[ 
https://issues.apache.org/jira/browse/HBASE-6180?page=com.atlassian.jira.plugin.system.issuetabpanels:comment-tabpanel&focusedCommentId=13290554#comment-13290554
 ] 

Jesse Yates commented on HBASE-6180:
------------------------------------

Here is what I've been thinking about for doing timestamp based snapshotting, 
as an extension to the work I've been doing for HBASE-6055.

Timestamp based snapshots are a zero-downtime/non-blocking versions of taking a 
snapshot across a table in HBase. They should be considered 'fuzzy' because you 
don't get a global view, but only as close to globally consistent as we can get 
with timestamps on the region servers (fuzziness is in the NTP different 
between RS, which defaults to max skew of 60 sec). I'm going to mingle a bit of 
theory and implementation here, but feel free to ask questions for things that 
don't make sense.

All the infrastructure from point-in-time snapshots (HBASE-50) is still going 
to be used here: SnapshotManager on the Master, the RegionSnapshotHandler on 
the RS, etc. The only change is what actually happens on each of the regions 
when taking the snapshot and how the snapshot is managed on the Master. Also, 
on a lower level, the time constraints are much looser on taking the snapshot.

Lets walk throughout some of the changes to the actual implementation. 

>From a high-level, we still tell all the RS to start the snapshot. They will 
>then dump a meta edit into the WAL with the memstore timestamp (not clear if 
>this is necessary, but could be useful for completing snapshots on failed RS). 
>They will then post back to ZK that they are starting the snapshot. Each RS 
>can then go about their business adding references to all the files on the FS 
>for the Regions involved in the snapshot. It gets a little tricky when we try 
>to capture the in-memory state of each RS.

The key here though is that we can use the Memstore's built-in snapshot 
functionality to avoid doing any work with the WALs and just keep track of 
HFiles. When flushing the Memstore takes a "snapshot" by just blocking for a 
moment to switch two pointers between the current and the new memstore. All 
writes before the switch go into the old memstore. All new writes go into the 
new memstore. The old memstore can then asynchronously be flushed to disk and 
on scan we just merge in the results from the old version as well as the on 
disk files. The benefit of this is that we basically take no down time to flush 
the memstore (except for corner cases where there are too many HFiles on disk 
already, but we can ignore that as it part of the overall HBase design). 

We can leverage the same mechanism but instead just make the swap time-based.

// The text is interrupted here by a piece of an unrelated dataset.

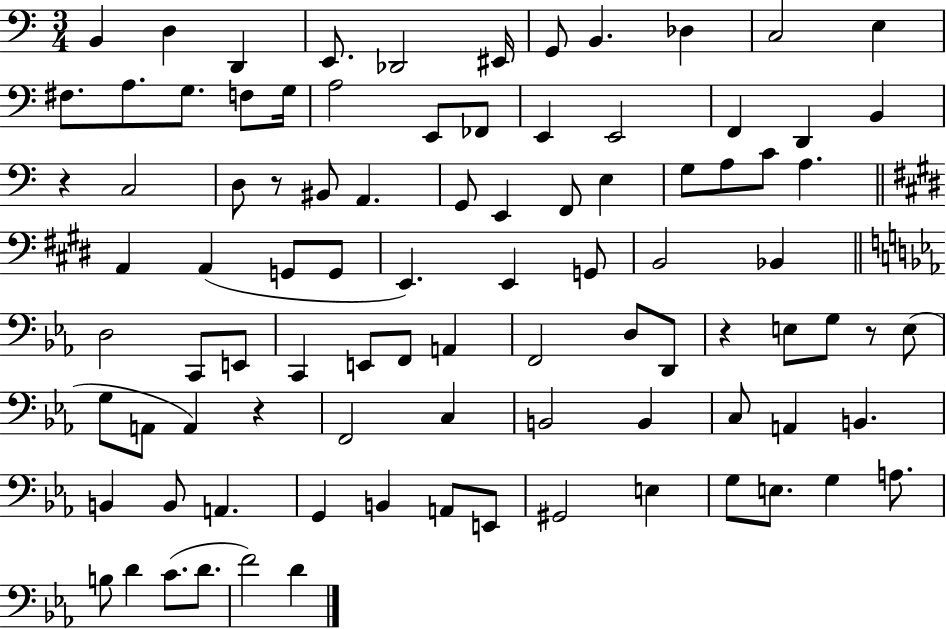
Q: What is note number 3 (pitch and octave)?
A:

When the RS gets the update to take the snapshot, it also has a timespan 
through which it should split writes between the memstores. For example, say we 
get a snapshot start notice at 10:15:00 and a prepare phase length of 80 
seconds (the max skew in the cluster +20 seconds for safety - just an example). 

For those 80 seconds, each HRegion will then time-flush the memstore. We take a 
regular memstore snapshot. Just like a regular flush, this ensures that all the 
outstanding writes to the memstore get committed (waiting on the read point to 
roll forward). However, instead of immediately writing to the new store, we 
split writes based on timestamp between the old and the new memstore. This 
management is handled by the Store, which just does some simple checking on the 
edits coming through to see which memstore it should direct the writes 
(admittedly, hand-waving away some of the complexity here).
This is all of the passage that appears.